Jueves, 07 de marzo de 2019

SilencioEl lenguaje de la palabra es un medio extraordinario para crear lazos de unión entre personas. A través de la palabra nos comunicamos, confraternizamos y expresamos nuestros sentimientos hacia los demás. Sin embargo, la palabra también puede convertirse en un medio hostil, en un instrumento de discordia y separación, bien porque sea ofensiva o porque sea malinterpretada. Por eso no deberíamos desdeñar el silencio como lenguaje de intimidad, como espacio de cercanía. Hay un tiempo para la palabra y otro tiempo para el silencio.
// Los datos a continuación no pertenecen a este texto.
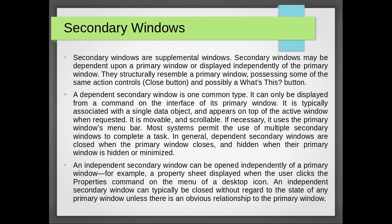In general, dependent secondary windows are closed when the primary window closes and hidden when their primary window is hidden or minimized. An independent secondary window can be opened independently of a primary window, for example, a property sheet displayed when the user clicks the properties command on the menu of a desktop icon. An independent secondary window can typically be closed without regard to the state of any primary window unless there is an obvious relationship to the primary window.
El amor también puede y debe alimentarse del silencio. El silencio es toda una experiencia. Los enamorados, en determinadas ocasiones, necesitan abandonar la palabra y entregarse al silencio. En muchos momentos las palabras estorban la mente, enredan los sentimientos, perturban la paz del espíritu. Es entonces cuando el silencio puede actuar como un bálsamo reparador de tensiones. El silencio oportuno y bien gestionado acerca los corazones y las mentes. Hay quien afirma que el más grande y amoroso de los requiebros es el silencio del amor.
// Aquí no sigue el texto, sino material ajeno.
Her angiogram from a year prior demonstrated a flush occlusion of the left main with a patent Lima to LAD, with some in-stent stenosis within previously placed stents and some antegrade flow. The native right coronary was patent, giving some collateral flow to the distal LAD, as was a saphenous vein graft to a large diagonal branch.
Alguien escribió que el amor y la amistad son auténticos cuando el silencio entre ambos se hace ameno. Y es que cuando las palabras estorban y la afinidad entre dos personas es absoluta, solo queda la contemplación, siempre silenciosa. Ocasión esta para recordar los versos del gran poeta Ángel González: «… y sonrío y me callo porque, en último extremo, / uno tiene conciencia / de la inutilidad de todas las palabras».